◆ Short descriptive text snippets
________

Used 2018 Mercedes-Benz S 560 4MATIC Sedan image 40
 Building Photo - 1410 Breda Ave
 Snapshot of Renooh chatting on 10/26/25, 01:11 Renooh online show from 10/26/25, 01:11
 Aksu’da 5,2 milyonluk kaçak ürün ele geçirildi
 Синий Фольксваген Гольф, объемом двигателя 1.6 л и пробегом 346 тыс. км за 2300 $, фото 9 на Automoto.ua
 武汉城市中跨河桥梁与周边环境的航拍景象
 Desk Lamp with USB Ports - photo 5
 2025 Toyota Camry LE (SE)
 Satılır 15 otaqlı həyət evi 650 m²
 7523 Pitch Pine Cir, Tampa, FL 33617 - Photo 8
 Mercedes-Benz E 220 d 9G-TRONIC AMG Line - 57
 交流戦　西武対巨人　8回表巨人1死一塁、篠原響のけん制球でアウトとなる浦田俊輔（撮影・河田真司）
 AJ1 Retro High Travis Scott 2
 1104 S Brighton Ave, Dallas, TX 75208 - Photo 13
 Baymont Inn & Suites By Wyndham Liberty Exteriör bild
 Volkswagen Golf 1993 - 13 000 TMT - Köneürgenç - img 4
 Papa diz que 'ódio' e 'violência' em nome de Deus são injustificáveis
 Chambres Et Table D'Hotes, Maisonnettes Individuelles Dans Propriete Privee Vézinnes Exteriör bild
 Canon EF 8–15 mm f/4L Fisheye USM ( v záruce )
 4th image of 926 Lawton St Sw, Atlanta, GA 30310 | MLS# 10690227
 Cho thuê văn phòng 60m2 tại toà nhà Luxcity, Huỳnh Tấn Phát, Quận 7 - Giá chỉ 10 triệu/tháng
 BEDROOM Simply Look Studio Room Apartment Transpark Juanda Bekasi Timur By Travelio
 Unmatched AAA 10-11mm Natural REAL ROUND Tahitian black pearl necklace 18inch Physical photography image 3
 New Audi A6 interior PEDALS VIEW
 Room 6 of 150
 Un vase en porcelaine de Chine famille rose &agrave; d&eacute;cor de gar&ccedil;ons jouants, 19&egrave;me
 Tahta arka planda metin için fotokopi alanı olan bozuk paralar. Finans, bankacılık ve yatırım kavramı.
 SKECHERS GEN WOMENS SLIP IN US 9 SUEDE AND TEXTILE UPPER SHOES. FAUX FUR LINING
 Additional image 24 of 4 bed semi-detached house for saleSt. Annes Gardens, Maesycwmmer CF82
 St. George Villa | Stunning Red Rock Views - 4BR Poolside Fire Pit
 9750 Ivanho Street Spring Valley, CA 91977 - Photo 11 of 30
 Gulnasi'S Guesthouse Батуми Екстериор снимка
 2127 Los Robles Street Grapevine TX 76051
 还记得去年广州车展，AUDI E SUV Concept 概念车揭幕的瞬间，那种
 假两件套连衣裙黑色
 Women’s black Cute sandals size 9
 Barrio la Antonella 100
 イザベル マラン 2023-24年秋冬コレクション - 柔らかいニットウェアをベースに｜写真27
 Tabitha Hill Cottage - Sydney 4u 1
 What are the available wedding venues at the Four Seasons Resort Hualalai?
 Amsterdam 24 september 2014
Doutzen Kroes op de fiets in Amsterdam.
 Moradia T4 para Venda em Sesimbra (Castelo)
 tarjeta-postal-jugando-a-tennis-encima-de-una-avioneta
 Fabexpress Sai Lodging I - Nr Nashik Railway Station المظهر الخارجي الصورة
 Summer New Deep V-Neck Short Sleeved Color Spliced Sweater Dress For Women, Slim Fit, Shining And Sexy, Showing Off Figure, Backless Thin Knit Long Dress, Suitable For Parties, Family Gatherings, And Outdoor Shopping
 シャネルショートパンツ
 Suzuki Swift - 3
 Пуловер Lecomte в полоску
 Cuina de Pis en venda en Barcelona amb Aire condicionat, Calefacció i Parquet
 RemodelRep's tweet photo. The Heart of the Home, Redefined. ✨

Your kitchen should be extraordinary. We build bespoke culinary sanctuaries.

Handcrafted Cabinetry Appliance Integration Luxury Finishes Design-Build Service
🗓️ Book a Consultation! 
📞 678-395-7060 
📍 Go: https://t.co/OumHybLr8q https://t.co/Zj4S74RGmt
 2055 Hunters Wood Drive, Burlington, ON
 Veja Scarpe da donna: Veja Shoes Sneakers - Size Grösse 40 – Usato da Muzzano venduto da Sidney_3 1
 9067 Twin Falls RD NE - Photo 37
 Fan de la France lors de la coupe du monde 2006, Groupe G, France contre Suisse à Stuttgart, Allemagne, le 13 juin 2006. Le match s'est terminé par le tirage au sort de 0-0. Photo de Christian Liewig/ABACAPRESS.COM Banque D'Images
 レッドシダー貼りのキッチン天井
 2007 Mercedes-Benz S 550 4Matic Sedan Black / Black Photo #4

________

◆ How to complete this task
Leave out every line above except those from the line with "Moradia T4 para Venda em Sesimbra (Castelo)" up to and including the line with "9067 Twin Falls RD NE - Photo 37", and copy those exactly.

◆ Solved exercise
 Moradia T4 para Venda em Sesimbra (Castelo)
 tarjeta-postal-jugando-a-tennis-encima-de-una-avioneta
 Fabexpress Sai Lodging I - Nr Nashik Railway Station المظهر الخارجي الصورة
 Summer New Deep V-Neck Short Sleeved Color Spliced Sweater Dress For Women, Slim Fit, Shining And Sexy, Showing Off Figure, Backless Thin Knit Long Dress, Suitable For Parties, Family Gatherings, And Outdoor Shopping
 シャネルショートパンツ
 Suzuki Swift - 3
 Пуловер Lecomte в полоску
 Cuina de Pis en venda en Barcelona amb Aire condicionat, Calefacció i Parquet
 RemodelRep's tweet photo. The Heart of the Home, Redefined. ✨

Your kitchen should be extraordinary. We build bespoke culinary sanctuaries.

Handcrafted Cabinetry Appliance Integration Luxury Finishes Design-Build Service
🗓️ Book a Consultation! 
📞 678-395-7060 
📍 Go: https://t.co/OumHybLr8q https://t.co/Zj4S74RGmt
 2055 Hunters Wood Drive, Burlington, ON
 Veja Scarpe da donna: Veja Shoes Sneakers - Size Grösse 40 – Usato da Muzzano venduto da Sidney_3 1
 9067 Twin Falls RD NE - Photo 37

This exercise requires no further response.